WORK ITEM.
Lines after the one containing "Maeve By Anthropologie" are to be omitted; print exactly each line from the start of the records up to and including it.

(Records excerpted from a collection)
──────────────────────────────

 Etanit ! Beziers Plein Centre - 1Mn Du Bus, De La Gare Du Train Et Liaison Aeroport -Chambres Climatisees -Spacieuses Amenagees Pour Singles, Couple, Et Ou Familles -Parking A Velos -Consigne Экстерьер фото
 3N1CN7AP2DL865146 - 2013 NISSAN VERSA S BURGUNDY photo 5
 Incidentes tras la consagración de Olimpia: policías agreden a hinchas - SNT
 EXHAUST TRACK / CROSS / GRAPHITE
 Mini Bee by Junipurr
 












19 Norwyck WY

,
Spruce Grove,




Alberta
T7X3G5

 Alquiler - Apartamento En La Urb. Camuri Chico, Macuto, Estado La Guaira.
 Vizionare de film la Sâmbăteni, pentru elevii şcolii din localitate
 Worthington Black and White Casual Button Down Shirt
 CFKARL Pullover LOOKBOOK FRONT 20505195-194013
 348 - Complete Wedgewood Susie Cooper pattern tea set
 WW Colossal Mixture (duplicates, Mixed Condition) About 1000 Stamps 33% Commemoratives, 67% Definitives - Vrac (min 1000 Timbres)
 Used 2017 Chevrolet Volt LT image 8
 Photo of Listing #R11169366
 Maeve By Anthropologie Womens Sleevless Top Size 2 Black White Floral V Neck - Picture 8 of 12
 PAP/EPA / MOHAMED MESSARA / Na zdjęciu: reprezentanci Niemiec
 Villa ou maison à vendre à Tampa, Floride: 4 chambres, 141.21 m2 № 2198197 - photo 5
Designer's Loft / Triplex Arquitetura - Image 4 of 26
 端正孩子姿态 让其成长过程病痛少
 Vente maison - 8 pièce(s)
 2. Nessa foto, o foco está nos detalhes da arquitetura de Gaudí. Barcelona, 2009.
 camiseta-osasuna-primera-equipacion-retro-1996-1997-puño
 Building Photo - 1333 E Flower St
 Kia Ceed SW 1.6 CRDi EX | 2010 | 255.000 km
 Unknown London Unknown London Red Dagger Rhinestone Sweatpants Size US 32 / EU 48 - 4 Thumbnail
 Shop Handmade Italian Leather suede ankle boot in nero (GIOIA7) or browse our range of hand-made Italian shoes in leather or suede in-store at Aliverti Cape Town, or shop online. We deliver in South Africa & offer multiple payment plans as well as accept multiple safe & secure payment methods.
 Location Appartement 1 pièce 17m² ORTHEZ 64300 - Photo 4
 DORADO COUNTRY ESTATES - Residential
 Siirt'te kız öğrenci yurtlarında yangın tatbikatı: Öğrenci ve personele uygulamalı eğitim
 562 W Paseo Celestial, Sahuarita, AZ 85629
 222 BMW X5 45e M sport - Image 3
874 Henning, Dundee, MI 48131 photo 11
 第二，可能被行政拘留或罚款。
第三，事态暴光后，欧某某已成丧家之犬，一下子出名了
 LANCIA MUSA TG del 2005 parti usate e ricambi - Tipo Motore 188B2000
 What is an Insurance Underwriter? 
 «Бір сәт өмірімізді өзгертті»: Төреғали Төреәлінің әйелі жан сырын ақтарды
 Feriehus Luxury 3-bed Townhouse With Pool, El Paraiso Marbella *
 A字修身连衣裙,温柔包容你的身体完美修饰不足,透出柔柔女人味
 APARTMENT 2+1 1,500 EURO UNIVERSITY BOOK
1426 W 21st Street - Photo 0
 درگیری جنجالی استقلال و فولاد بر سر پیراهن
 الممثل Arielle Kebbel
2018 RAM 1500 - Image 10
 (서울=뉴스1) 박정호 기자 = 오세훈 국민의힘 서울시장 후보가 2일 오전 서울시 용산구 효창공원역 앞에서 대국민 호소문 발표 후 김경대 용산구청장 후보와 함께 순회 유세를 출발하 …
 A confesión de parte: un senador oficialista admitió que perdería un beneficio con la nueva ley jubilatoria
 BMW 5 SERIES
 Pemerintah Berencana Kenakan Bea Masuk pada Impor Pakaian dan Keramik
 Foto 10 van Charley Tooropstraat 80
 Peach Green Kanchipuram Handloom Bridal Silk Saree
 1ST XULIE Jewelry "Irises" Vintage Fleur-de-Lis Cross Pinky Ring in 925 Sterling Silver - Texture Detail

──────────────────────────────

WORKED SOLUTION.
 Etanit ! Beziers Plein Centre - 1Mn Du Bus, De La Gare Du Train Et Liaison Aeroport -Chambres Climatisees -Spacieuses Amenagees Pour Singles, Couple, Et Ou Familles -Parking A Velos -Consigne Экстерьер фото
 3N1CN7AP2DL865146 - 2013 NISSAN VERSA S BURGUNDY photo 5
 Incidentes tras la consagración de Olimpia: policías agreden a hinchas - SNT
 EXHAUST TRACK / CROSS / GRAPHITE
 Mini Bee by Junipurr
 












19 Norwyck WY

,
Spruce Grove,




Alberta
T7X3G5

 Alquiler - Apartamento En La Urb. Camuri Chico, Macuto, Estado La Guaira.
 Vizionare de film la Sâmbăteni, pentru elevii şcolii din localitate
 Worthington Black and White Casual Button Down Shirt
 CFKARL Pullover LOOKBOOK FRONT 20505195-194013
 348 - Complete Wedgewood Susie Cooper pattern tea set
 WW Colossal Mixture (duplicates, Mixed Condition) About 1000 Stamps 33% Commemoratives, 67% Definitives - Vrac (min 1000 Timbres)
 Used 2017 Chevrolet Volt LT image 8
 Photo of Listing #R11169366
 Maeve By Anthropologie Womens Sleevless Top Size 2 Black White Floral V Neck - Picture 8 of 12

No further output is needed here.